Word for word, reproduce all entries below, leaving every picture out.

INPUT FOR THIS TASK:

%%

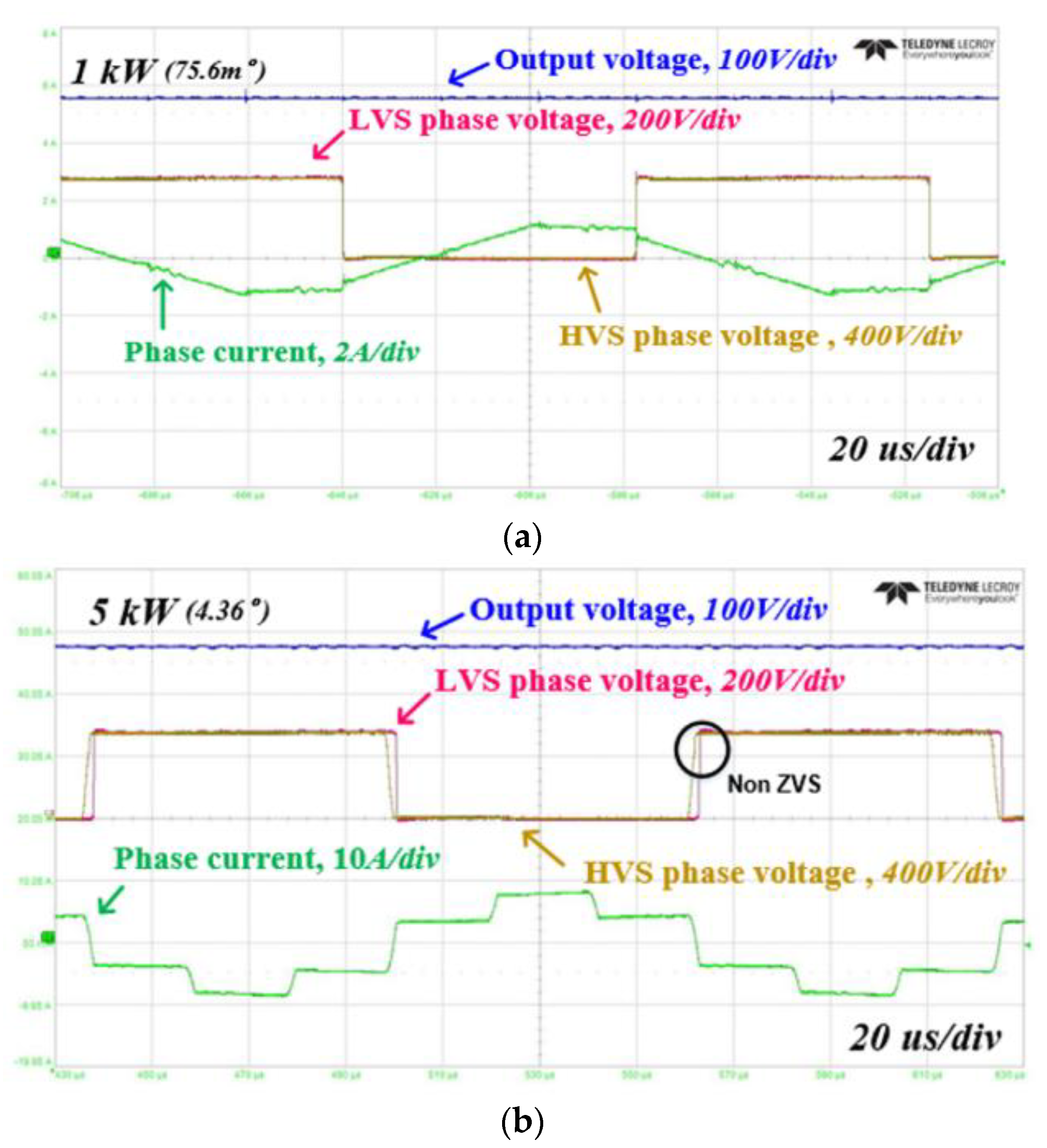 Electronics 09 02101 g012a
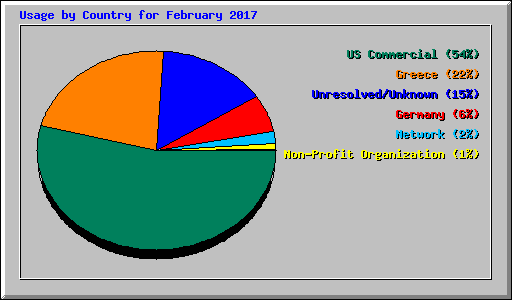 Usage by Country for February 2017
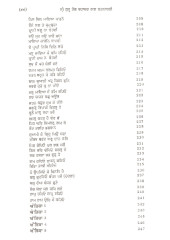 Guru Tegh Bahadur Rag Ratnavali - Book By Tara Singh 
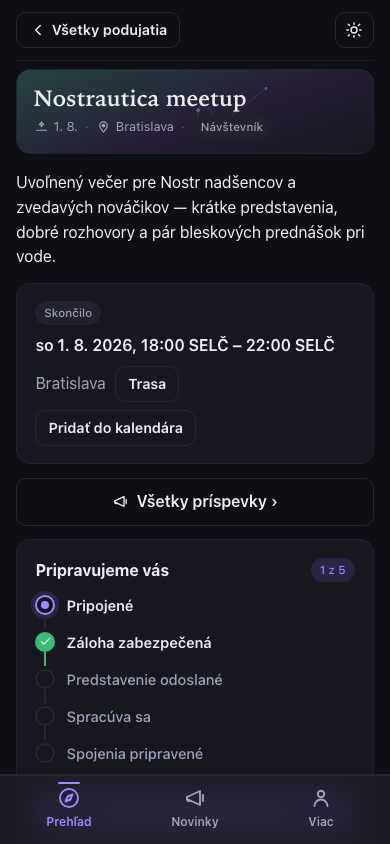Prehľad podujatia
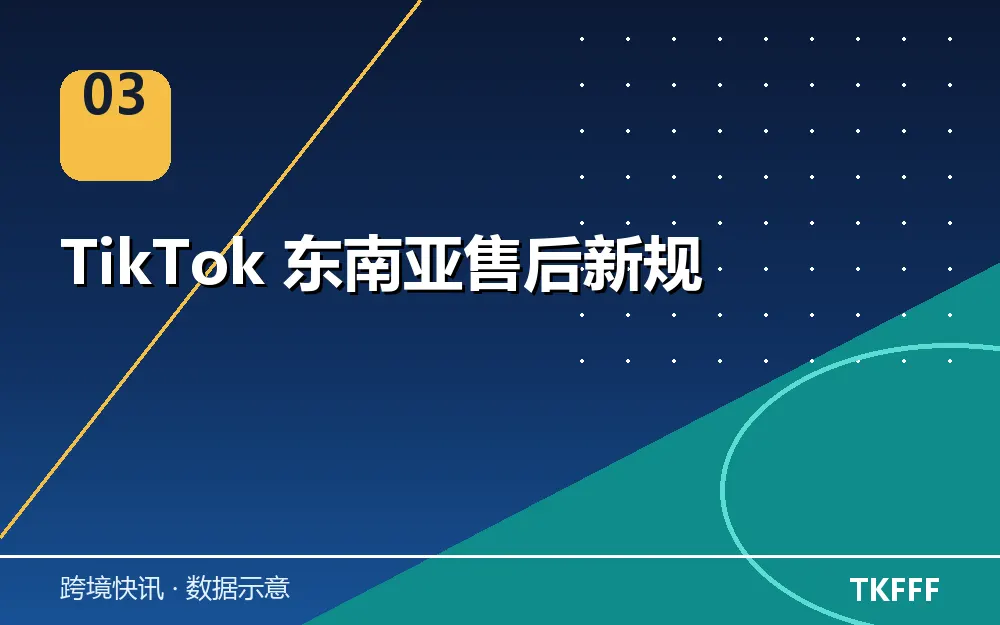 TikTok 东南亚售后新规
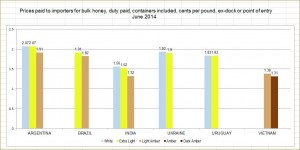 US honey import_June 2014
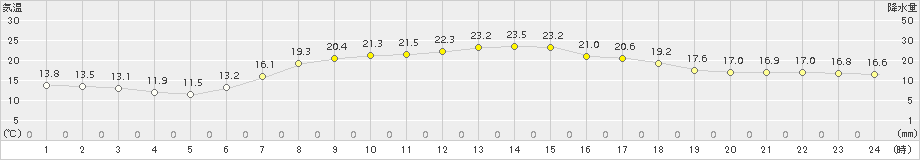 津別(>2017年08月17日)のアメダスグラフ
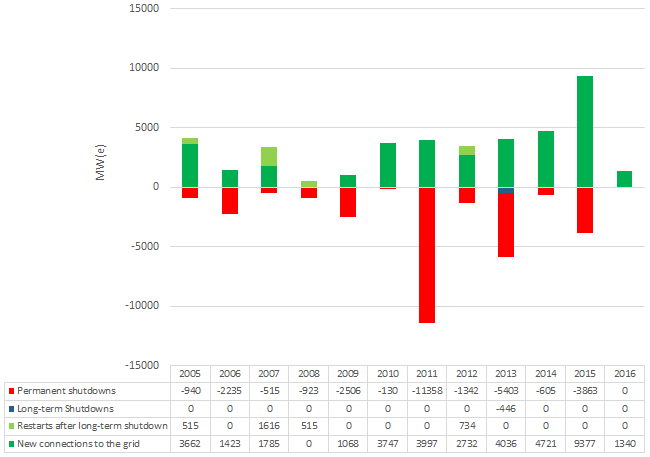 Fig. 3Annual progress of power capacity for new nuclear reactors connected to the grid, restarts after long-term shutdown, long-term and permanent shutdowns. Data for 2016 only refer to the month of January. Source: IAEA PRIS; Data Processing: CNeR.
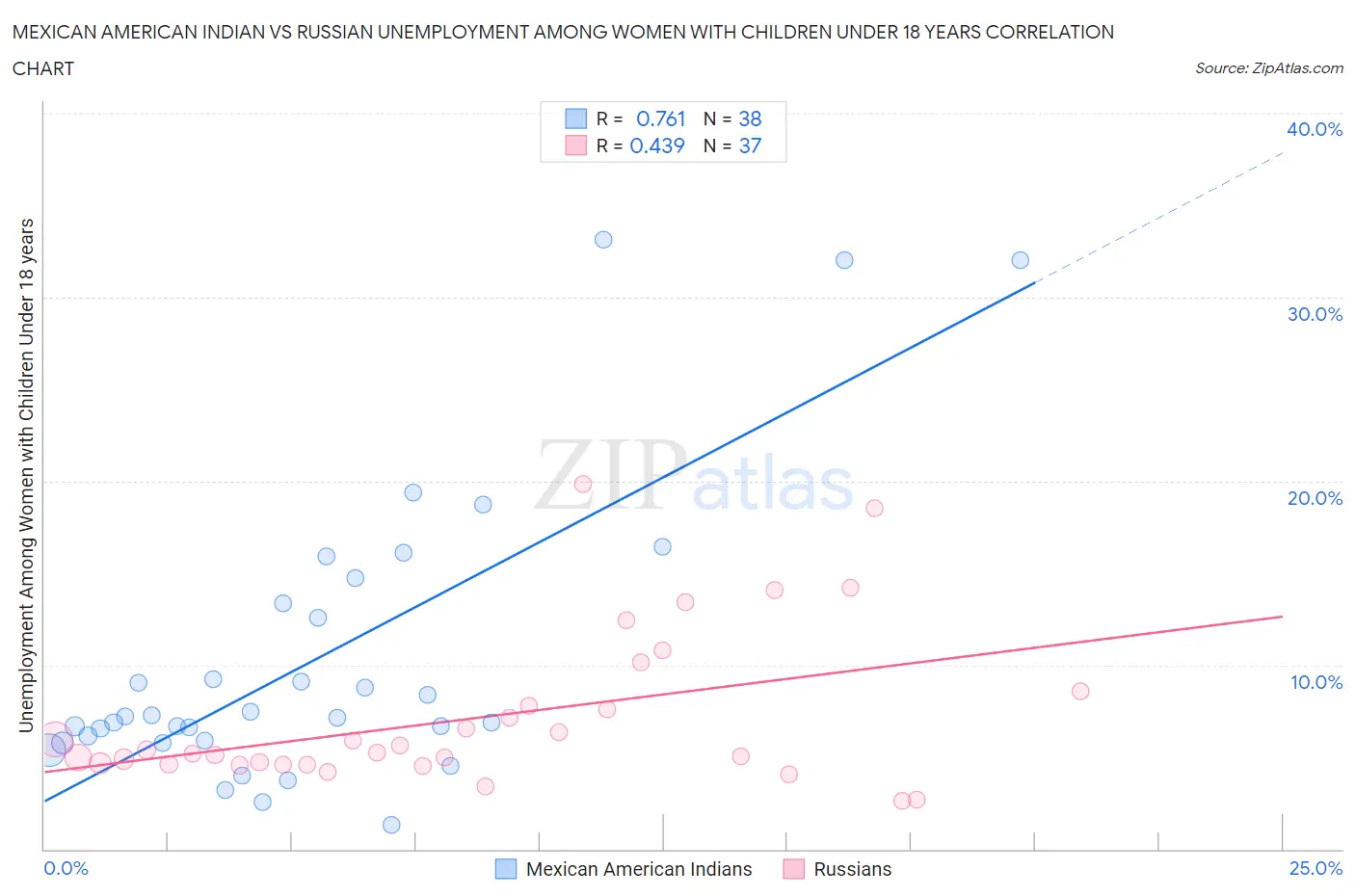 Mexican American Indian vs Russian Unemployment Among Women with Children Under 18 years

%%

TASK RESULT:
 Electronics 09 02101 g012a
 Usage by Country for February 2017
 Guru Tegh Bahadur Rag Ratnavali - Book By Tara Singh 
Prehľad podujatia
 TikTok 东南亚售后新规
 US honey import_June 2014
 津別(>2017年08月17日)のアメダスグラフ
 Fig. 3Annual progress of power capacity for new nuclear reactors connected to the grid, restarts after long-term shutdown, long-term and permanent shutdowns. Data for 2016 only refer to the month of January. Source: IAEA PRIS; Data Processing: CNeR.
 Mexican American Indian vs Russian Unemployment Among Women with Children Under 18 years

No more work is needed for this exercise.